Der Bundesgerichtshof hat mit Beschluss vom 31. Mai 2012 im Verfahren V ZB 207/11 über eine außergerichtliche Zuzahlung nach einem Zwangsversteigerungstermin entschieden. Das Grundstück war mit einem Verkehrswert von 70.000 EUR bewertet. Die Meistbietende bot 37.500 EUR. Nachdem der betreibende Gläubiger zunächst die Zuschlagsversagung wegen Nichterreichens der 7/10-Grenze beantragt hatte, zahlte die Meistbietende außerhalb des Verfahrens weitere 7.000 EUR an den Gläubiger, um dessen Zustimmung zur Zuschlagserteilung zu erreichen.
Versteigerungserlös muss im Verfahren bleiben
Der BGH stellte klar, dass solche Zuzahlungen außerhalb des Zwangsversteigerungsverfahrens die Rechte des Schuldners verletzen. Der gesamte wirtschaftliche Erlös aus der Grundstücksverwertung muss im förmlichen Verfahren erfasst und nach den Regeln des ZVG verteilt werden. Nur so ist gewährleistet, dass die Verwertung des Grundstücks als Eingriff in das Eigentum des Schuldners rechtlich gerechtfertigt bleibt.
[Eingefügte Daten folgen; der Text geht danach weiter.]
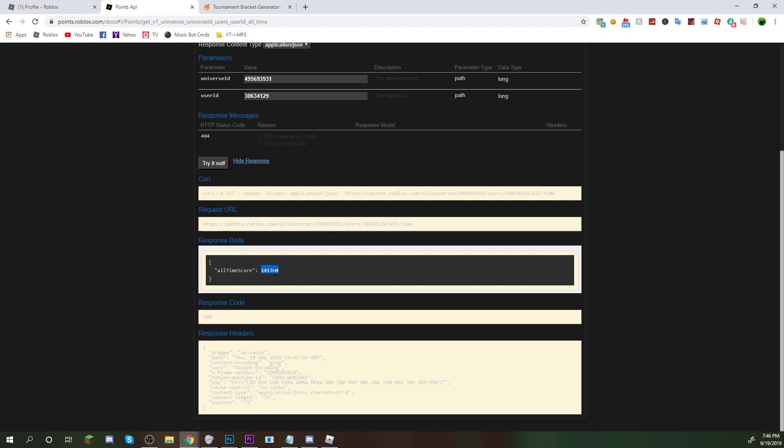So, 1,417 wins would be 141,700 player points. So, basically, just subtract these two zeros, and you will be able to see your all-time score.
Eine Zahlung neben dem Gebot kann dazu führen, dass der tatsächliche Erwerbspreis höher liegt als der Betrag, der im Verteilungsverfahren berücksichtigt wird. Damit wird die Transparenz des Verfahrens beeinträchtigt und es ist nicht sichergestellt, dass die Schuldnerforderung ordnungsgemäß reduziert wird.
Außerhalb des Versteigerungsverfahrens vereinbarte Zuzahlungen des Meistbietenden an den betreibenden Gläubiger verletzen die Rechte des Schuldners und führen zur Versagung des Zuschlags.
Keine Nachverhandlungen im Zuschlagstermin
Im Verfahren V ZB 207/11 beanstandete der Senat außerdem, dass das Vollstreckungsgericht die Entscheidung über den Zuschlag vertagte, um dem Gläubiger Gelegenheit zu Nachverhandlungen mit der Meistbietenden zu geben. Ein solcher Aufschub ist ermessensfehlerhaft, wenn er allein dazu dient, eine außergerichtliche Zuzahlung zu ermöglichen.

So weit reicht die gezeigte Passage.